Una notte, i giovani tarantini tornarono dalla “caccia” e bussarono alla solita porta che utilizzavano per uscire e rientrare nella città. Le guardie aprirono con noncuranza, ormai abituati alle continue uscite di quei cittadini, che prontamente assalirono i soldati e si impadronirono del controllo dell’accesso. Soldati scelti dell’esercito cartaginese entrarono guidati dai tarantini e condotti verso la ben più grande porta d’entrata nominata Porta Temenide (probabilmente situata nella zona di Cimino). Una volta uccise le guardie, Annibale e il grosso del suo esercito entrarono a Taranto. L’armata percorse le vie che attraversavano la grande necropoli urbana, della quale il condottiero poté ammirare gli innumerevoli monumenti. Una volta arrivato presso le abitazioni, l’esercito si divise in tre gruppi e puntò verso il cuore della città. In quel momento il governatore romano della città, Marco Livio Macato, riposava nel suo palazzo dopo aver partecipato ad un banchetto ed esagerato con il vino, ma una guardia entrò nella stanza da letto svegliandolo di soprassalto e annunziandogli che Annibale era a Taranto. Tra le strade clangori di spade e grida di dolore riecheggiavano e terrorizzavano la popolazione. I romani, inferiori numericamente, non riuscirono a fermare l’avanzata cartaginese e si ritirarono in massa dentro le mura dell’Acropoli, inseguiti dagli assalitori. Marco Livio riuscì a scappare via mare e ad entrare nella rocca.
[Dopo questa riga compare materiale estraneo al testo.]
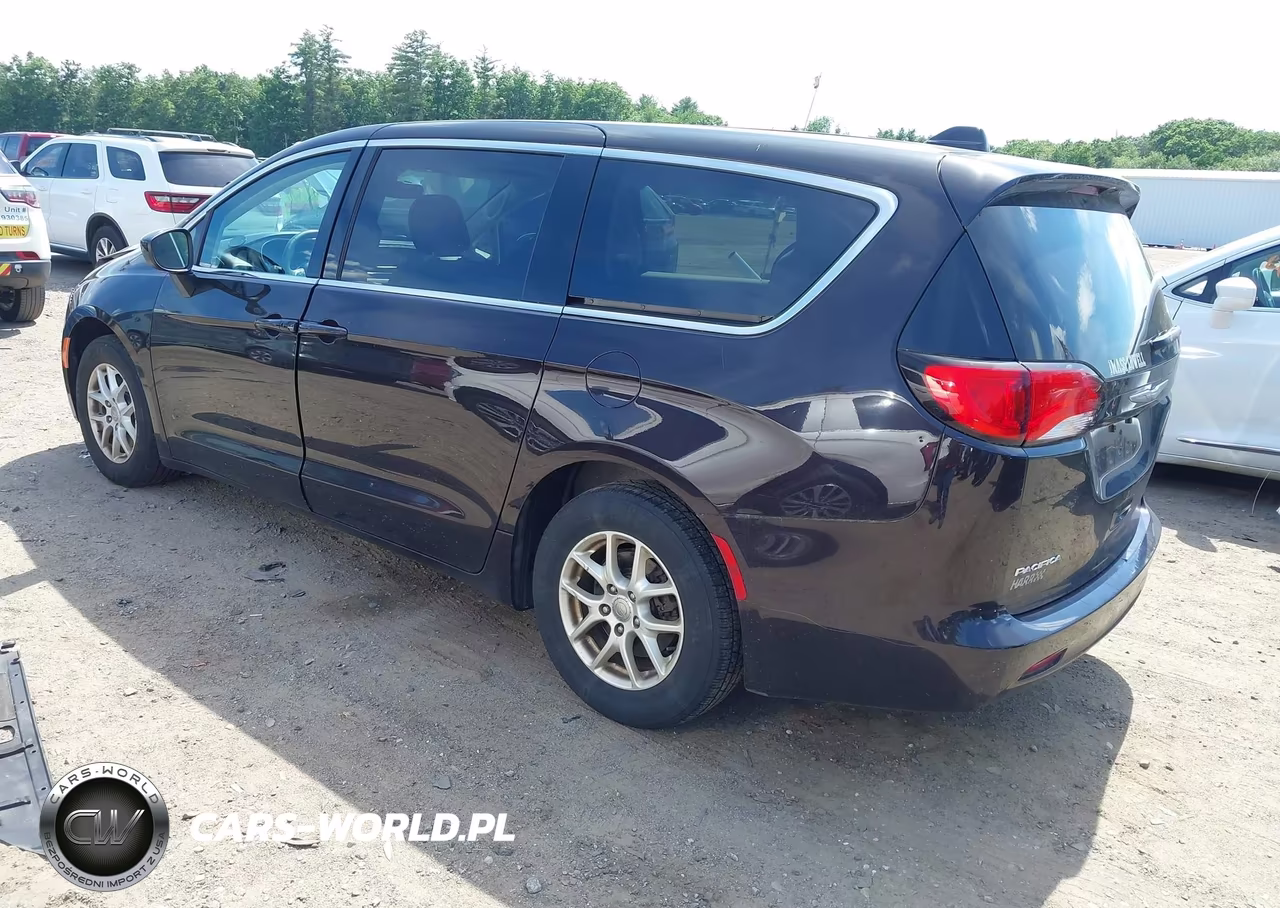 2017 Chrysler Pacifica Touring VIN:2C4RC1DG0HR588320 - 3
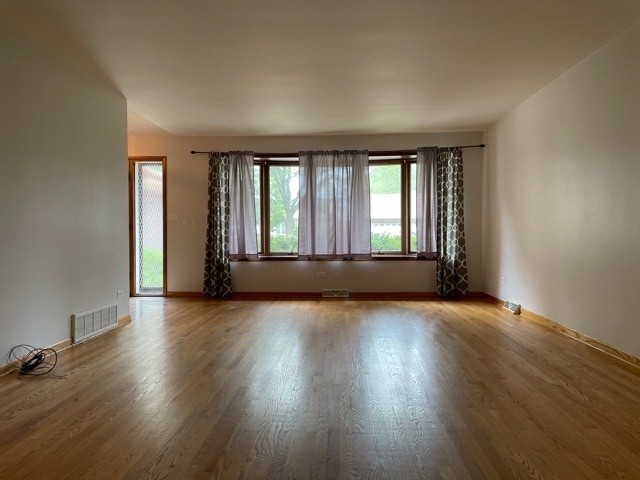 Building Photo - 720 N Broadway Ave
La mattina seguente, i tarantini scesero per le strade e osservarono i numerosi cadaveri dei romani, a cui i soldati e mercenari di Annibale depredarono ogni avere indossato. I ribelli incitavano la popolazione con parole di libertà e li incoraggiavano a fidarsi di quello straniero che era giunto finalmente a liberarli. Annibale convocò tutti i cittadini nell’agorà, ai quali promise di ridare a Taranto la libertà tolta e che le ultime resistenze romane sarebbero state vinte. Udendo ciò, la popolazione accolse favorevolmente le parole del punico che, congedandoli, li esortò a scrivere sulle porte delle loro abitazioni “di tarantino”, in modo che esse non venissero saccheggiate dai suoi uomini.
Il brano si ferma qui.